Data items:
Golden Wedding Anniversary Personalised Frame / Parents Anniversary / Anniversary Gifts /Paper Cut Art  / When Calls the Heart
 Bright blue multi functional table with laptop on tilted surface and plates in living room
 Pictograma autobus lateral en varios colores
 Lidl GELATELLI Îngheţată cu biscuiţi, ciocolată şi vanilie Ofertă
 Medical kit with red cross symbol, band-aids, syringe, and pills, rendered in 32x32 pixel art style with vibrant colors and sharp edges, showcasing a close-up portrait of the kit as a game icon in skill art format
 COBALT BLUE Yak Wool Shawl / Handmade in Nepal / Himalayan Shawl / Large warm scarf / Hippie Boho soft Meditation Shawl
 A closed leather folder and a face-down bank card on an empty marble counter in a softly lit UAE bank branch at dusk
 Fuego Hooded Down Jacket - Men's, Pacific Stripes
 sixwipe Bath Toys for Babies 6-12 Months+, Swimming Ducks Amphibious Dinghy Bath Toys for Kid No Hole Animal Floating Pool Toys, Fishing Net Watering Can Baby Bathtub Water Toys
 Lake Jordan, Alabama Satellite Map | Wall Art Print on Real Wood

## [HOW TO COMPLETE THIS TASK]
Beginning with the line that contains "Pictograma autobus lateral en varios colores" and ending with the last line of the data above, return those lines exactly and nothing else.

## [RESULT OF THE TASK]
 Pictograma autobus lateral en varios colores
 Lidl GELATELLI Îngheţată cu biscuiţi, ciocolată şi vanilie Ofertă
 Medical kit with red cross symbol, band-aids, syringe, and pills, rendered in 32x32 pixel art style with vibrant colors and sharp edges, showcasing a close-up portrait of the kit as a game icon in skill art format
 COBALT BLUE Yak Wool Shawl / Handmade in Nepal / Himalayan Shawl / Large warm scarf / Hippie Boho soft Meditation Shawl
 A closed leather folder and a face-down bank card on an empty marble counter in a softly lit UAE bank branch at dusk
 Fuego Hooded Down Jacket - Men's, Pacific Stripes
 sixwipe Bath Toys for Babies 6-12 Months+, Swimming Ducks Amphibious Dinghy Bath Toys for Kid No Hole Animal Floating Pool Toys, Fishing Net Watering Can Baby Bathtub Water Toys
 Lake Jordan, Alabama Satellite Map | Wall Art Print on Real Wood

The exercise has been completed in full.